Lightweight immutable key-value store using S3 versioning

ImmuKV is a simple, serverless immutable key-value store that uses only S3 versioning - no DynamoDB, no background jobs, no complex infrastructure.

Design Philosophy

  • Maximum simplicity - Just S3, no background repair jobs, no status tracking
  • Global ordering - All changes recorded in versioned global log
  • Fast key access - Single S3 read for latest value
  • Automatic orphan repair - ETag-based conditional writes handle failures inline
  • Cryptographic integrity - SHA-256 hash chain prevents tampering

Key Features

Core Architecture

  • Global log (_log.json) - Single versioned object containing all changes
  • Key objects (keys/{key}.json) - One versioned object per key for fast access
  • Two-phase writes - Log first (never lost), then key object (may be orphaned temporarily)
  • Inline repair - Orphaned entries automatically repaired during normal operations

Trade-offs

Gains:

  • Extreme simplicity (just S3, no background jobs)
  • Fast key lookups (single S3 read)
  • Lower cost (no DynamoDB)
  • Lambda/serverless friendly

Limitations:

  • Must read log versions sequentially (no random access by entry number)
  • S3 version IDs are opaque strings (not sequential integers)
  • Orphans exist temporarily (repaired within configurable interval, default 5 minutes)

Installation

Python

pip install immukv

TypeScript

npm install immukv

Quick Start

Python

from immukv import ImmuKVClient, Config

config = Config(
    s3_bucket="your-bucket",
    s3_region="us-east-1",
    s3_prefix=""
)

# Identity functions for JSON values (use custom encoders/decoders for complex types)
def identity(x): return x

with ImmuKVClient(config, identity, identity) as client:
    # Write
    entry = client.set("sensor-012352", {"alpha": 0.15, "beta": 2.8})
    print(f"Committed: {entry.version_id}")
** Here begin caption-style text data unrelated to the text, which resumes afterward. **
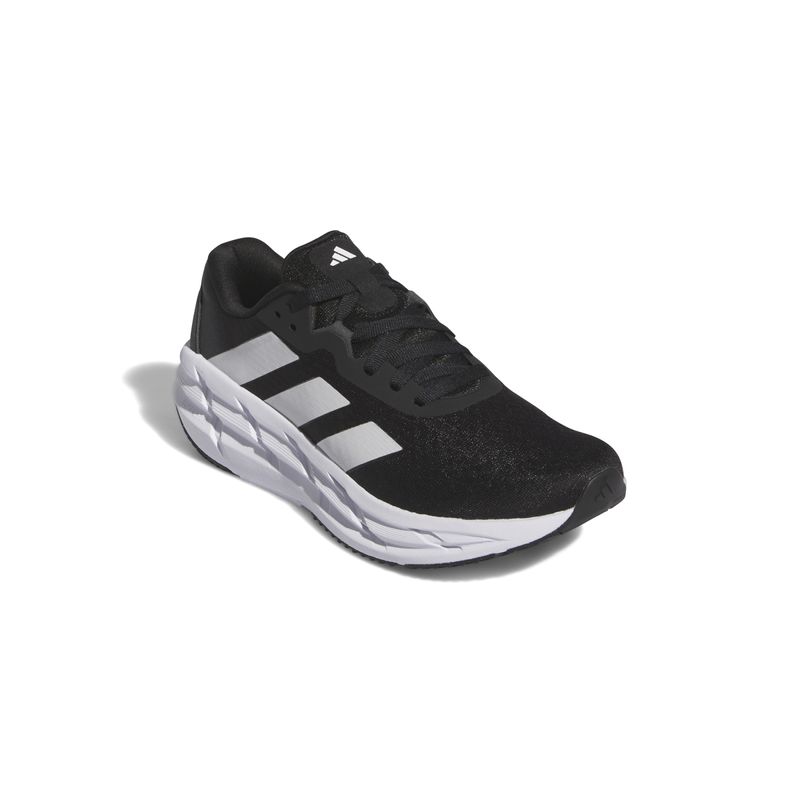 ID6166_6_FOOTWEAR_Photography_Front Lateral Top View_white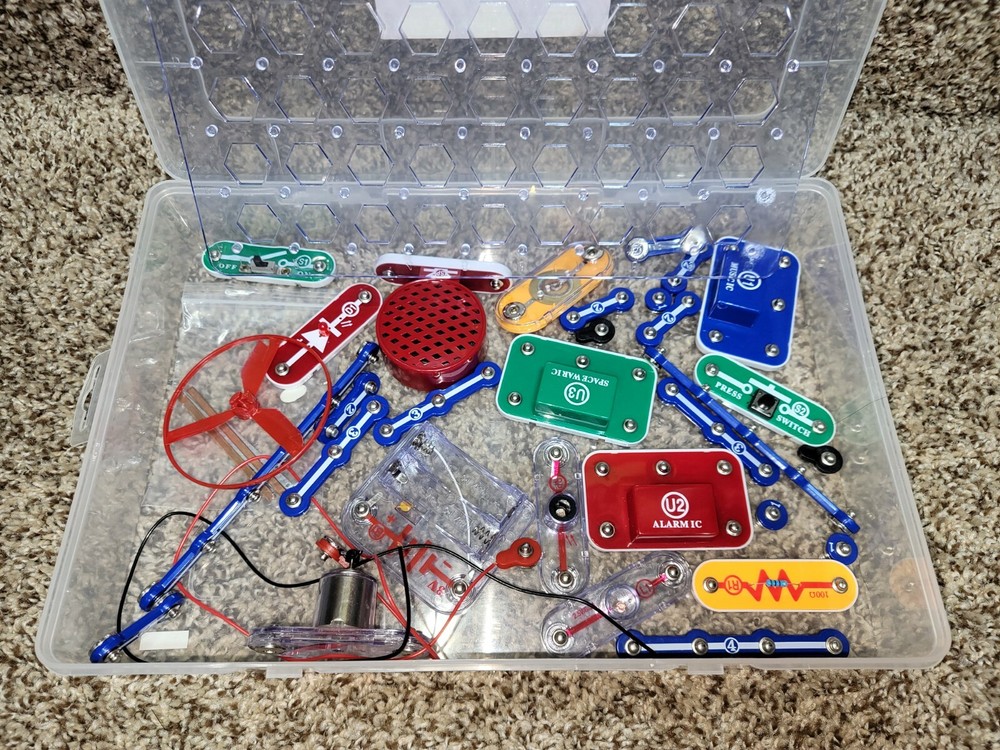 Elenco Model SC-100R Basic Electricity And Electronics Ed Program Basic Snap Kit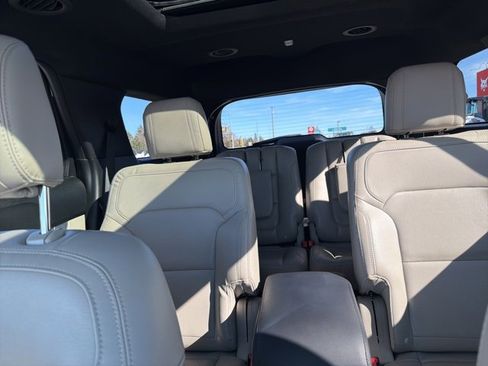 Used 2018 Ford Explorer Limited image 25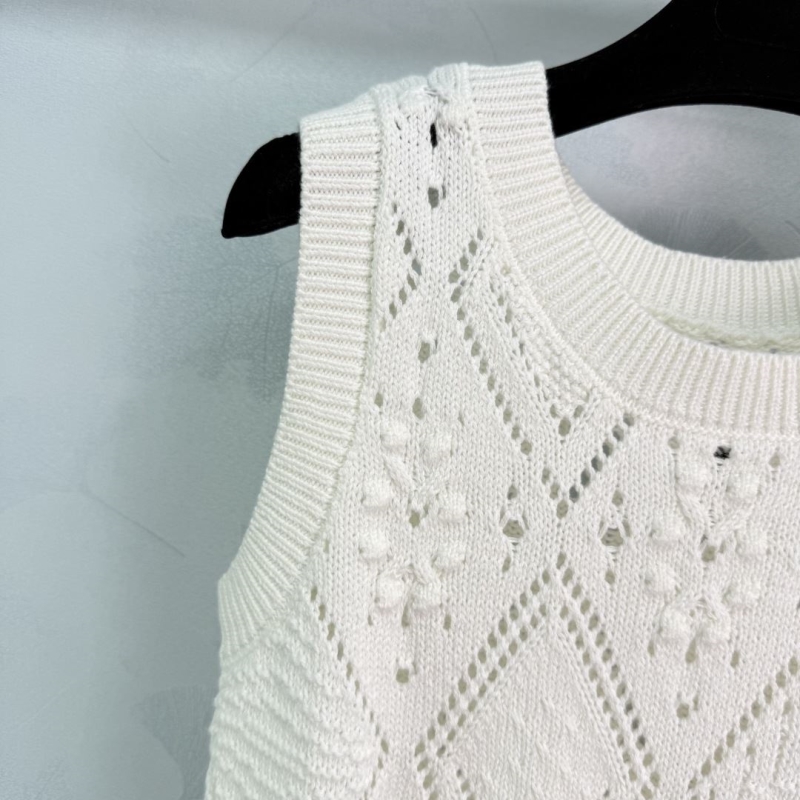 chr1st1an D10r sweaters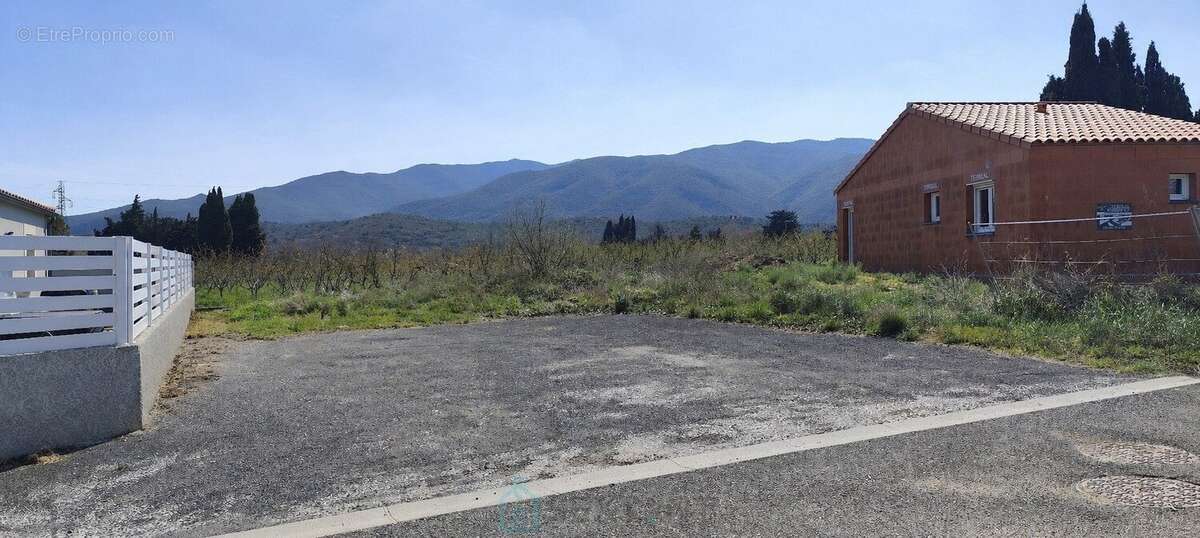 Terrain constructible 4 faces 278m² - photo 5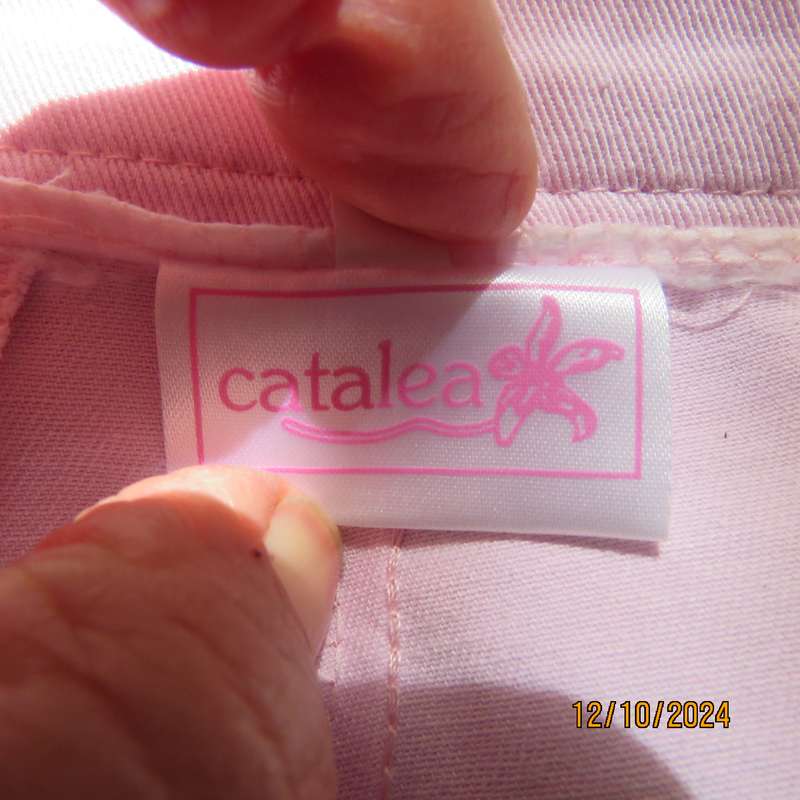 Amazing soft rose pink cotton jeans by CATALEA from Lebanon. Size 34. High waist. Brand new cond.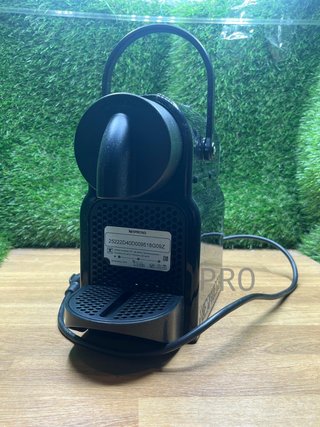 Cafetera monodosis de cápsulas Nespresso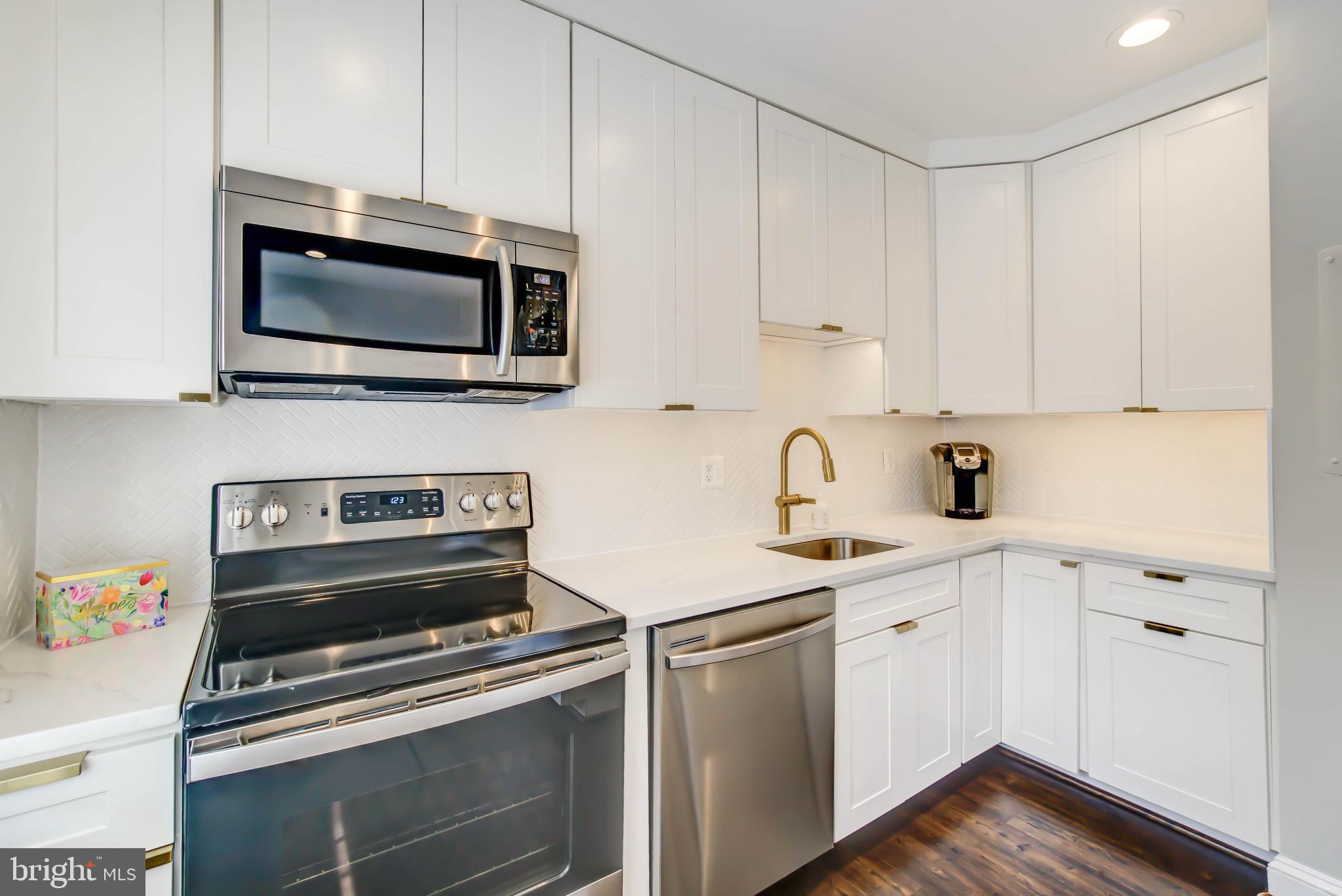 1804 W ABINGDON DRIVE 101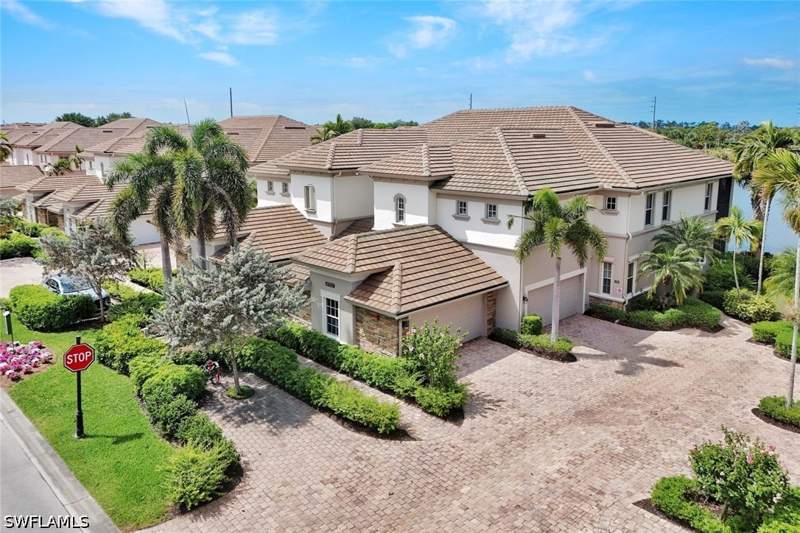 3 bedroom Condominium at 8755 Coastline Ct 202, Silverstone, Naples — photo 2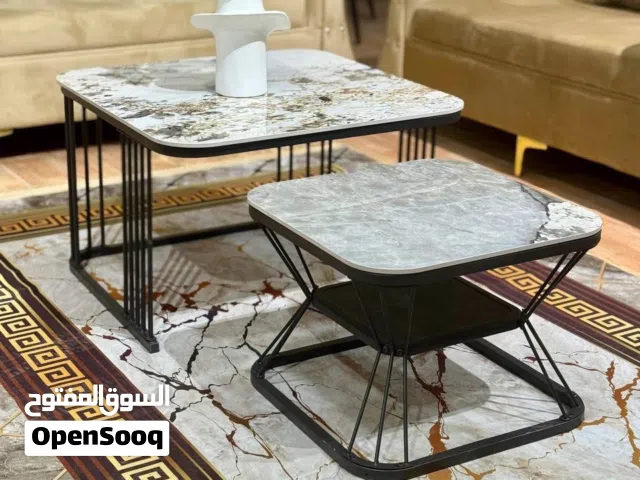 طاولات وسط متداخلة بتصميم رخامي فاخر ولمسات ذهبية ملكية سطح رخامي أنيق يعطي ديكور بيتك لمسة راقية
    # Read (single S3 request)
    latest = client.get("sensor-012352")
    print(f"Latest: {latest.value}")

    # History
    history, _ = client.history("sensor-012352", None, None)
    for entry in history:
        print(f"Seq {entry.sequence}: {entry.value}")

TypeScript

import { ImmuKVClient, Config } from 'immukv';

const config: Config = {
  s3Bucket: 'your-bucket',
  s3Region: 'us-east-1',
  s3Prefix: ''
};

// Identity functions for JSON values (use custom encoders/decoders for complex types)
const identity = <T>(x: T): T => x;

const client = new ImmuKVClient(config, identity, identity);

// Write
const entry = await client.set('sensor-012352', { alpha: 0.15, beta: 2.8 });
console.log(`Committed: ${entry.versionId}`);

// Read (single S3 request)
const latest = await client.get('sensor-012352');
console.log('Latest:', latest.value);

await client.close();

How It Works

Two-Phase Write Protocol

Every write operation happens in two phases:

  1. Phase 1: Log Write (always succeeds or throws)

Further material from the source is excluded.